Flag to indicate that at the end of the day, there is some workload unassigned.

dc_ITE_total_power_kW

2443.31

IT total power consumption (KW)

dc_HVAC_total_power_kW

0

HVAC total power consumption (KW). It doesn’t consider the CRAC fan load, CRAC cooling load, or the compressor load because these have constant power consumption.

dc_total_power_kW

2443.31

Total power consumption (KW)

dc_energy_lb_kW

40000

Lower bound in the normalization of the datacenter energy consumption (W)

dc_energy_ub_kW

160000

Upper bound in the normalization of the datacenter energy consumption (W)

dc_crac_setpoint_delta

-5

HVAC temperature delta change in the setpoint

dc_crac_setpoint

15

HVAC current temperature setpoint (C)

dc_cpu_workload_percent

0.69

Normalized shifted workload (%) that the dc agent is using (same as ls_shifted_workload)

dc_int_temperature

29.60

Room temperature (C)

outside_temp

3.50

Outside temperature (C)

day_of_the_year

0

Day of the year

hour

0.25

Hour.Fraction of the hour.

day_workload

0

Total flexible workload at the start of the day

norm_CI

current normalized carbon intensity

Depending on the objective and requirements, users can utilize a combination of these parameters to define their customized reward functions, or use one of already provided reward functions.

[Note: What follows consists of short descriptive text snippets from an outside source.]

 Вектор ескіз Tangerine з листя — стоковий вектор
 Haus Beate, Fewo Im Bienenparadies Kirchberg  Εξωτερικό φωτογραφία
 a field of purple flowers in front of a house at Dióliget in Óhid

Some examples of custom rewards are listed below:

Example 1: Reward function based on power usage effectivness (PUE)

def energy_PUE_reward(params: dict) -> float:
    """
    Calculates a reward value based on Power Usage Effectiveness (PUE).

    Args:
        params (dict): Dictionary containing parameters:
            total_energy_consumption (float): Total energy consumption of the data center.
            it_equipment_energy (float): Energy consumed by the IT equipment.

    Returns:
        float: Reward value.
    """
    total_energy_consumption = params['total_energy_consumption']
    it_equipment_energy = params['it_equipment_energy']

    # Calculate PUE
    pue = total_energy_consumption / it_equipment_energy if it_equipment_energy != 0 else float('inf')

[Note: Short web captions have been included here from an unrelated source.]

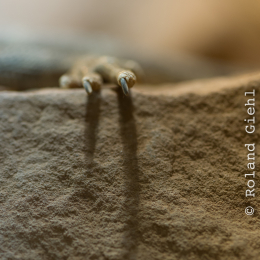 Reptilarium_Landau-20130330-26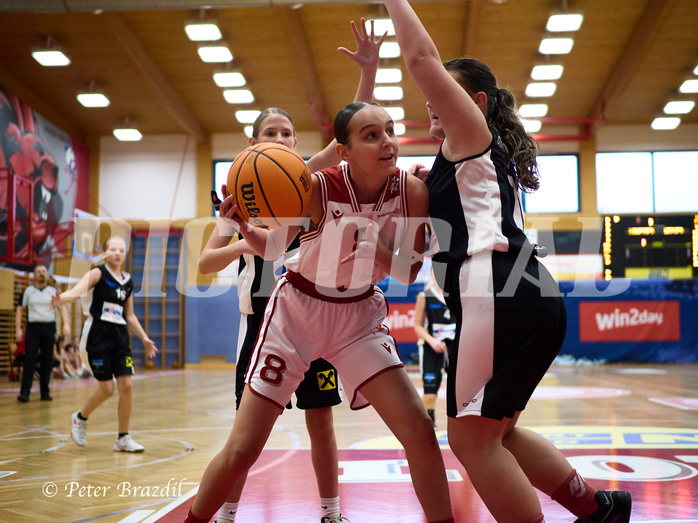 Basketball Superliga 2024/25, SLWU14 Traiskirchen Lionesses vs. DBK Steyrer Witches


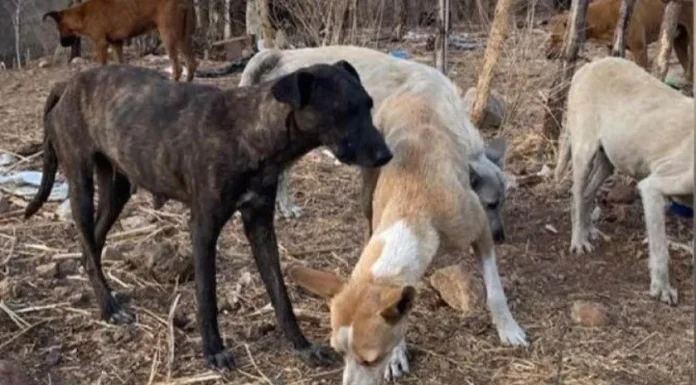 Afectan jaurías de perros salvajes a ganaderos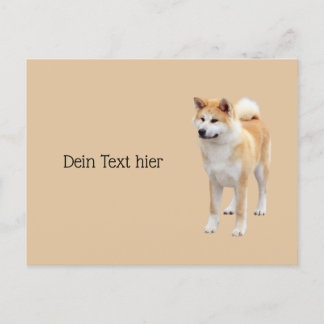 Carte Postale Akita Inu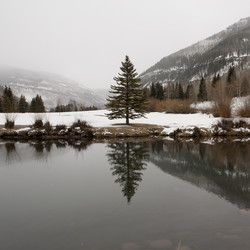 Similar image 7977117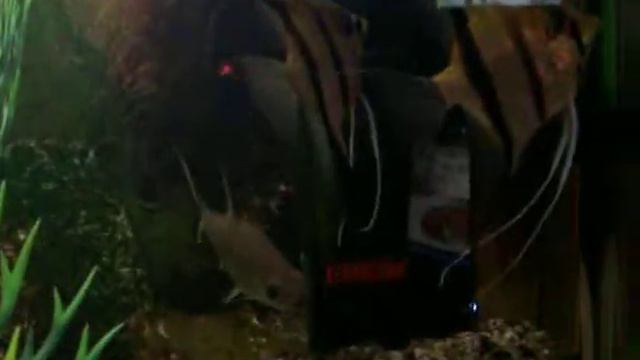 skalary i ikra смотреть онлайн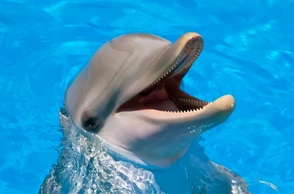 К чему снится дельфин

    # We aim to get PUE as close to 1 as possible, hence we take the absolute difference between PUE and 1
    # We use a negative sign since RL seeks to maximize reward, but we want to minimize PUE
    reward = -abs(pue - 1)

    return reward

Example 2: Reward function based on time of use (ToU) of energy

def tou_reward(params: dict) -> float:
    """
    Calculates a reward value based on the Time of Use (ToU) of energy.

    Args:
        params (dict): Dictionary containing parameters:
            energy_usage (float): The energy usage of the agent.
            hour (int): The current hour of the day (24-hour format).

    Returns:
        float: Reward value.
    """

    # ToU dict: {Hour, price}
    tou = {0: 0.25,
        1: 0.25,
        2: 0.25,
        3: 0.25,
        4: 0.25,
        5: 0.25,
        6: 0.41,
        7: 0.41,
        8: 0.41,
        9: 0.41,
        10: 0.41,
        11: 0.30,
        12: 0.30,
        13: 0.30,
        14: 0.30,
        15: 0.30,
        16: 0.27,
        17: 0.27,
        18: 0.27,
        19: 0.27,
        20: 0.27,
        21: 0.27,
        22: 0.25,
        23: 0.25,
        }

    # Obtain the price of electricity at the current hour
    current_price = tou[params['hour']]
    # Obtain the energy usage
    energy_usage = params['bat_total_energy_with_battery_KWh']

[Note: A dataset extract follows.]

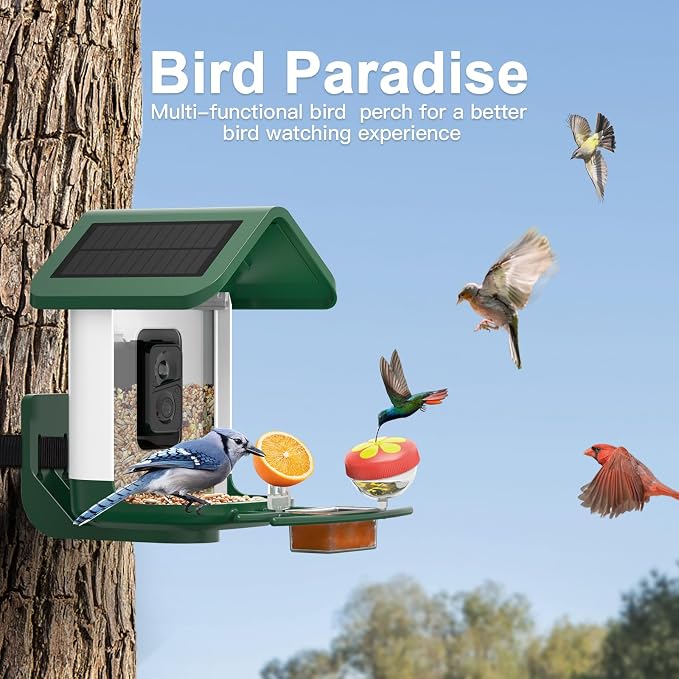 Bird Feeder with Camera Solar Powered : Smart Camera Bird Feeder 2K Live Feed Cam for Outdoor Backyard - Ai Identify Auto Capture Videos Pictures, Gifts for Birdlover Mom Dad, 2.4GHz WiFi - Image 6
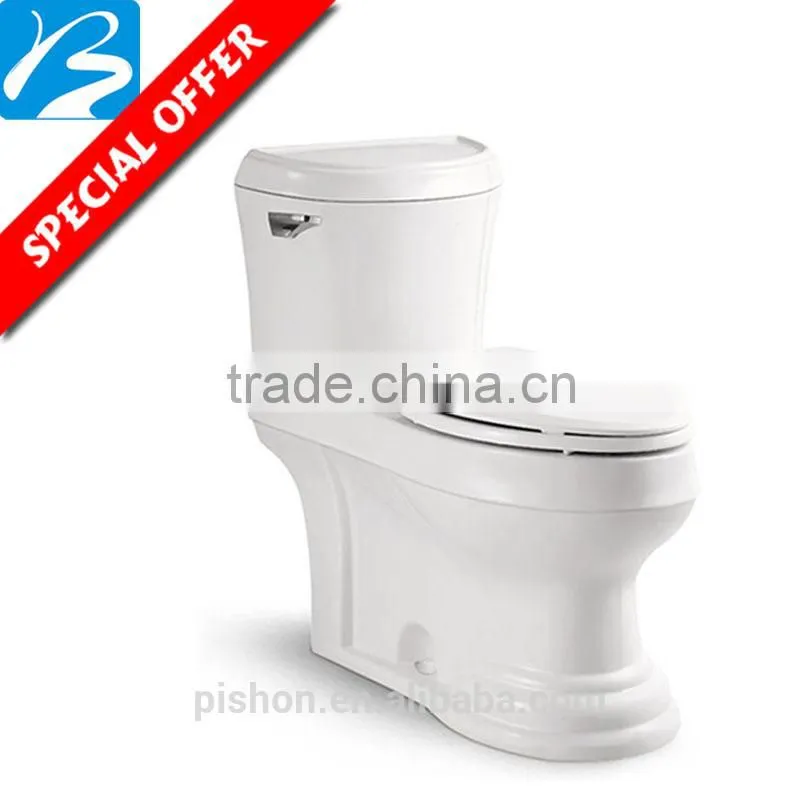 European Standard washdown two piece toilet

    # The reward is negative as the agent's objective is to minimize energy cost
    tou_reward = -1.0 * energy_usage * current_price

    return tou_reward

Example 3: Reward function based on the usage of renewable energy sources

def renewable_energy_reward(params: dict) -> float:
    """
    Calculates a reward value based on the usage of renewable energy sources.

    Args:
        params (dict): Dictionary containing parameters:
            renewable_energy_ratio (float): Ratio of energy coming from renewable sources.
            total_energy_consumption (float): Total energy consumption of the data center.

    Returns:
        float: Reward value.
    """
    assert params.get('renewable_energy_ratio') is not None, 'renewable_energy_ratio is not defined. This parameter should be included using some external dataset and added to the reward_info dictionary'
    renewable_energy_ratio = params['renewable_energy_ratio'] # This parameter should be included using some external dataset
    total_energy_consumption = params['bat_total_energy_with_battery_KWh']
    factor = 1.0 # factor to scale the weight of the renewable energy usage

    # Reward = maximize renewable energy usage - minimize total energy consumption
    reward = factor * renewable_energy_ratio  -1.0 * total_energy_consumption
    return reward

Example 4: Reward function based on energy efficiency

def energy_efficiency_reward(params: dict) -> float:
    """
    Calculates a reward value based on energy efficiency.

    Args:
        params (dict): Dictionary containing parameters:
            ITE_load (float): The amount of energy spent on computation (useful work).
            total_energy_consumption (float): Total energy consumption of the data center.

    Returns:
        float: Reward value.
    """
    it_equipment_power = params['dc_ITE_total_power_kW']
    total_power_consumption = params['dc_total_power_kW']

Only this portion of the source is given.